■ **Your goal**:
Transcribe exactly the stretch of lines beginning at the one containing "Jouets Simply Scandi" and closing with the last line of the entries below. Omit images.

Caption-style text data:
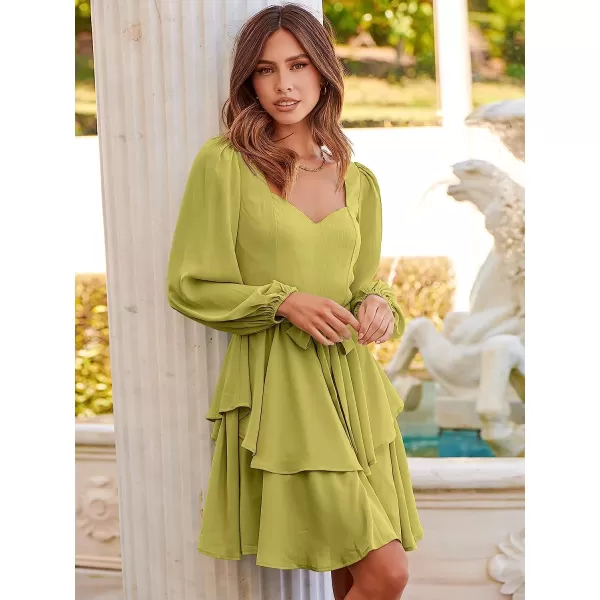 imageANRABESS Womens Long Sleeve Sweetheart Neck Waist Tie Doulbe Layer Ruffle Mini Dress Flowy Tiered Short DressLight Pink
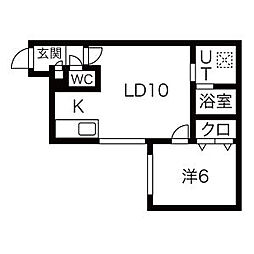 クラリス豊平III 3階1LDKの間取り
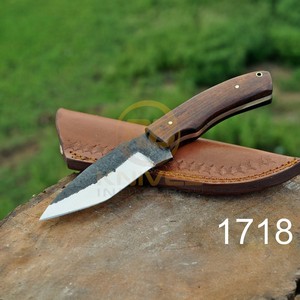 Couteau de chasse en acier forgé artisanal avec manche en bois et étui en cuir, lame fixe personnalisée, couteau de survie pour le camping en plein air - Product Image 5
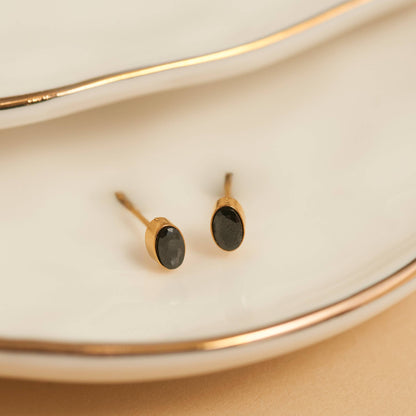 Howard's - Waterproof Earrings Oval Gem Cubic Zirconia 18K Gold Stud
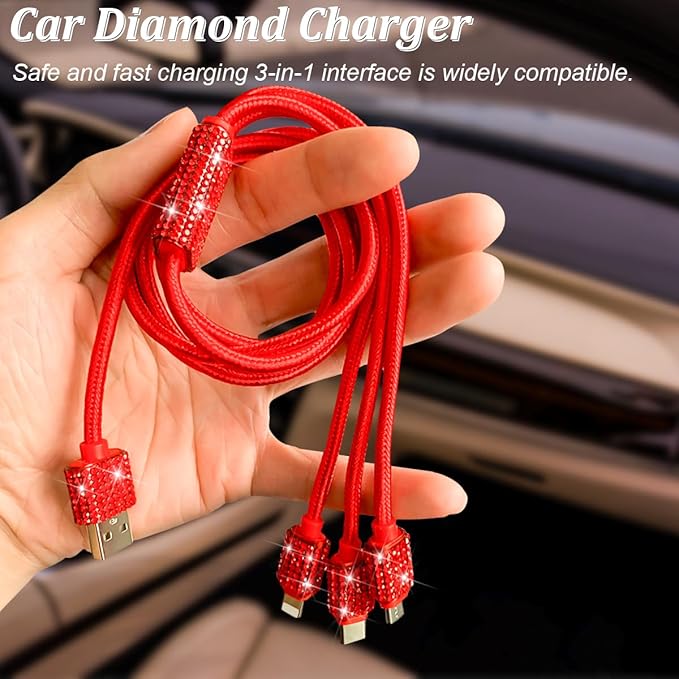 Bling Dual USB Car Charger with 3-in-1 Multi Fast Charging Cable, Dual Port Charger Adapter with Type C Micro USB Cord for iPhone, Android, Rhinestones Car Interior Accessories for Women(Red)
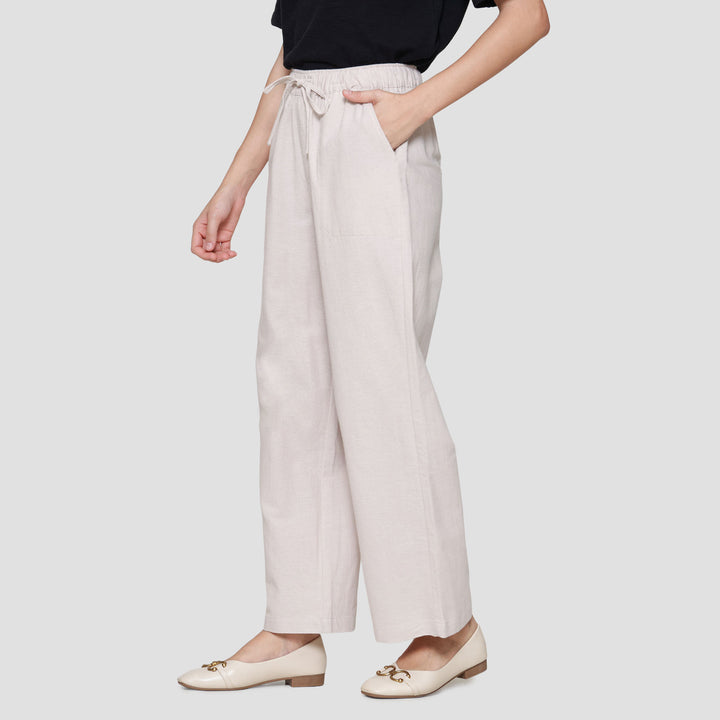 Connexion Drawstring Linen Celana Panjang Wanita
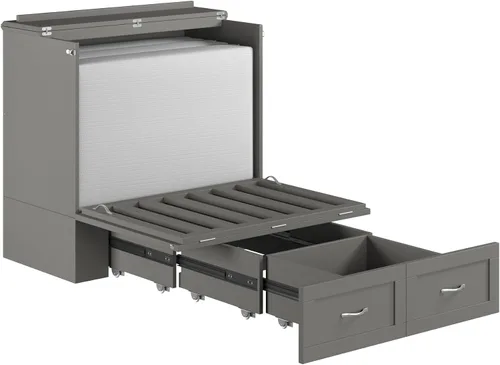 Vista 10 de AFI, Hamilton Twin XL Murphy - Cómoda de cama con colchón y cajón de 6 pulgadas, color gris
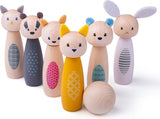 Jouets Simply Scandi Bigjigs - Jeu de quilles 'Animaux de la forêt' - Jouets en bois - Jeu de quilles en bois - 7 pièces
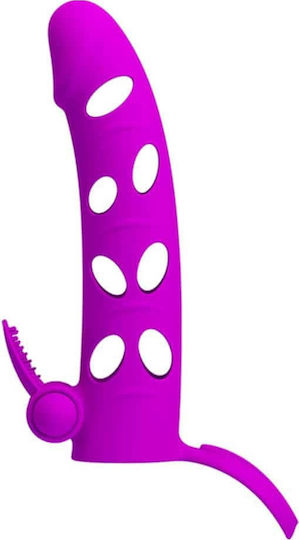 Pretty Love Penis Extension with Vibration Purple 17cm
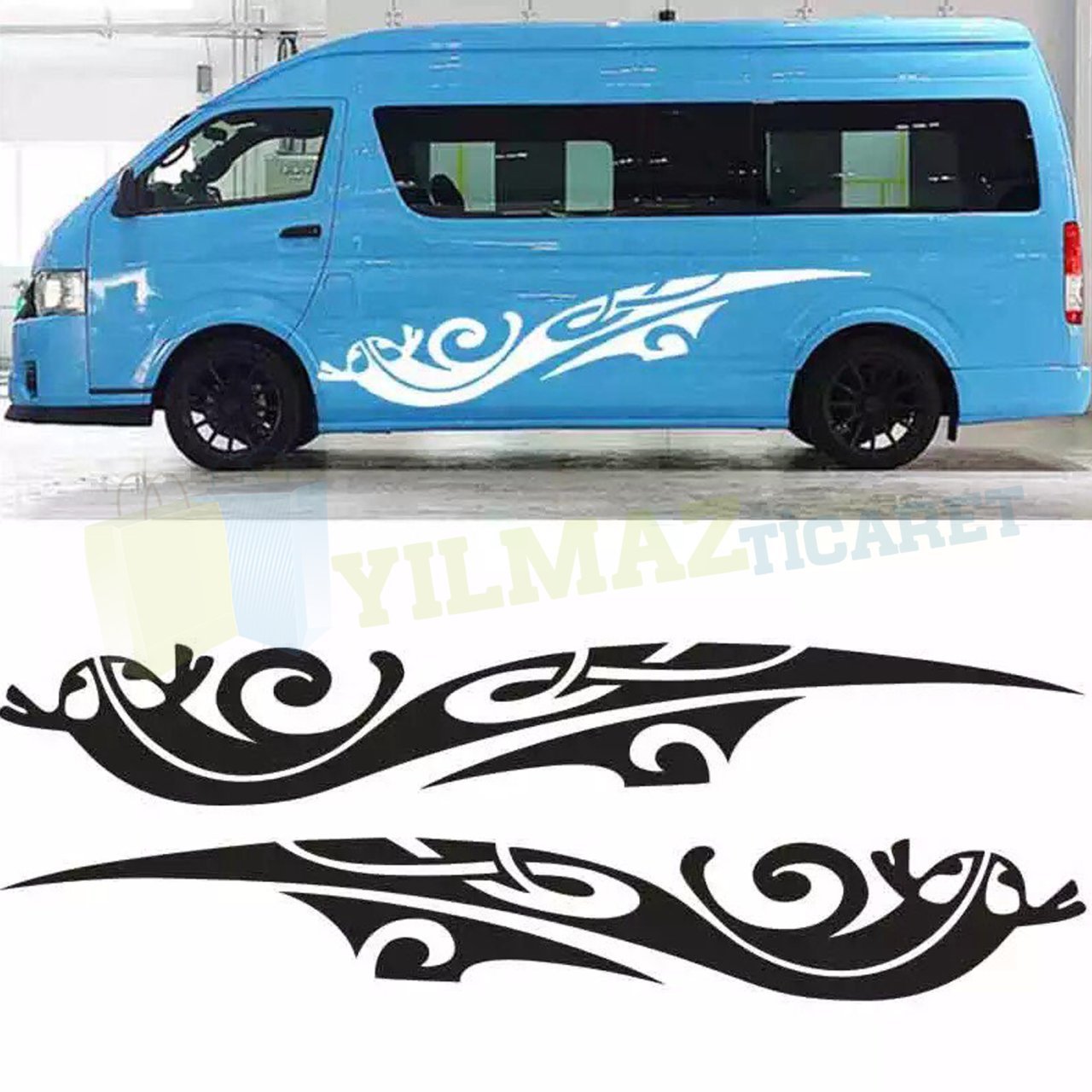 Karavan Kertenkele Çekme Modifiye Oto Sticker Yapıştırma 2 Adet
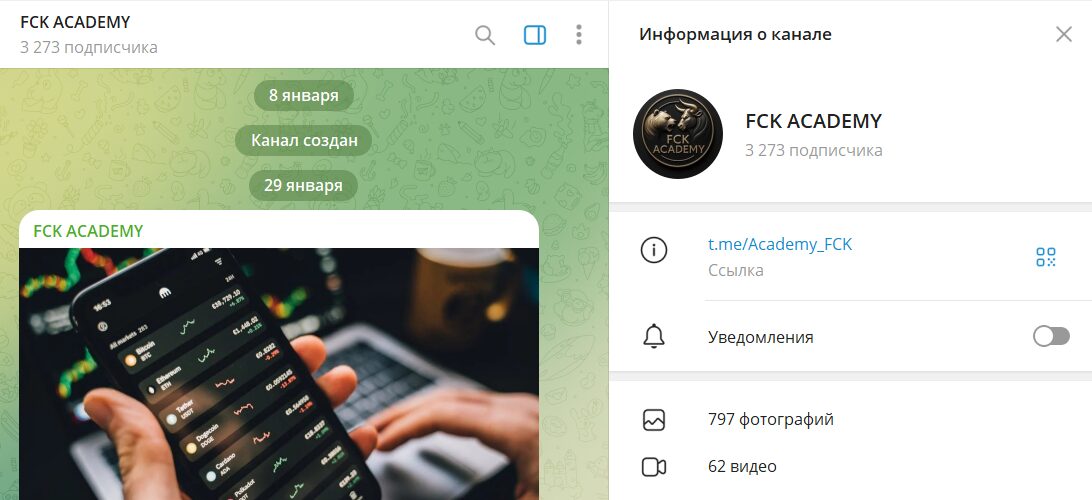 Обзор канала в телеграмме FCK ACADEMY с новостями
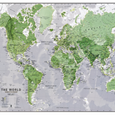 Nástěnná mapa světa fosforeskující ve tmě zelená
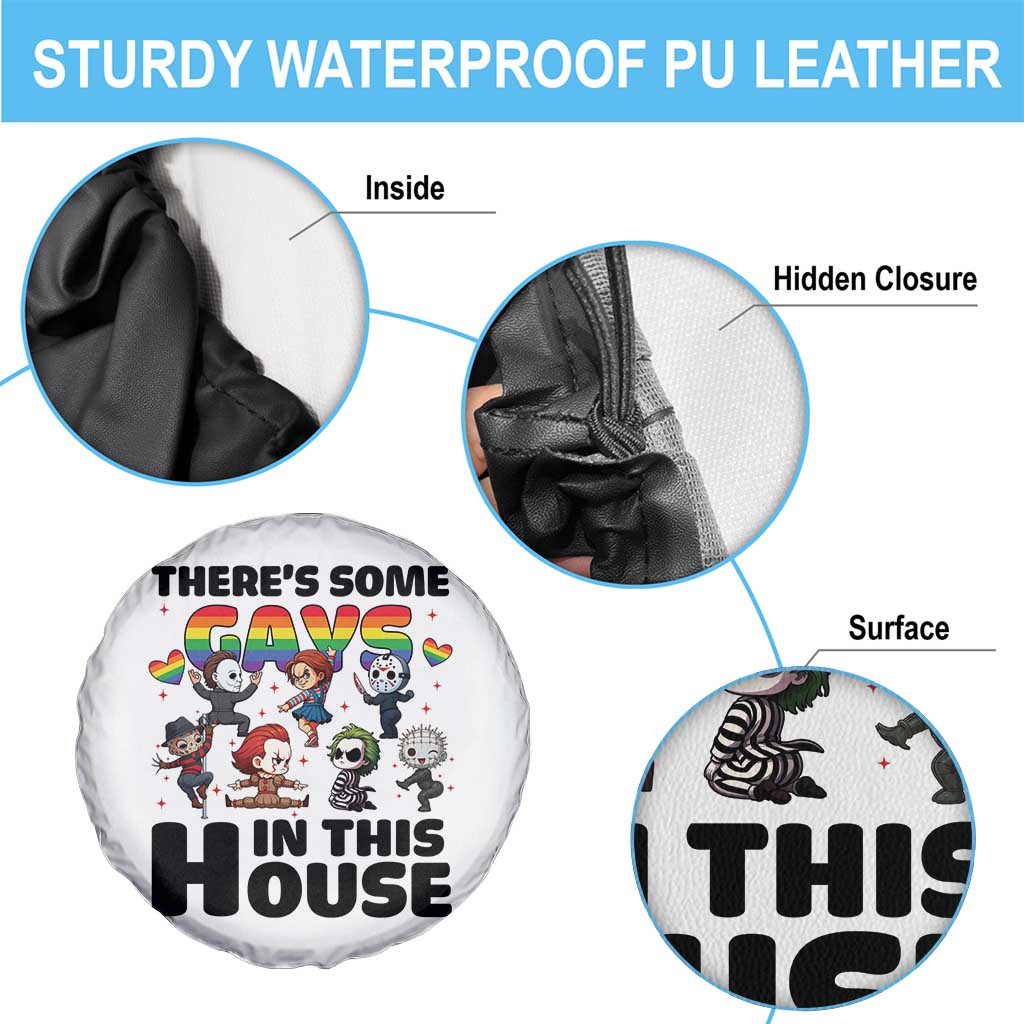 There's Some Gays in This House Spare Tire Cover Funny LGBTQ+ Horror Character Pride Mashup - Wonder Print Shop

■ **Answer below**:
 Jouets Simply Scandi Bigjigs - Jeu de quilles 'Animaux de la forêt' - Jouets en bois - Jeu de quilles en bois - 7 pièces
 Pretty Love Penis Extension with Vibration Purple 17cm
 Karavan Kertenkele Çekme Modifiye Oto Sticker Yapıştırma 2 Adet
 Обзор канала в телеграмме FCK ACADEMY с новостями
 Nástěnná mapa světa fosforeskující ve tmě zelená
 There's Some Gays in This House Spare Tire Cover Funny LGBTQ+ Horror Character Pride Mashup - Wonder Print Shop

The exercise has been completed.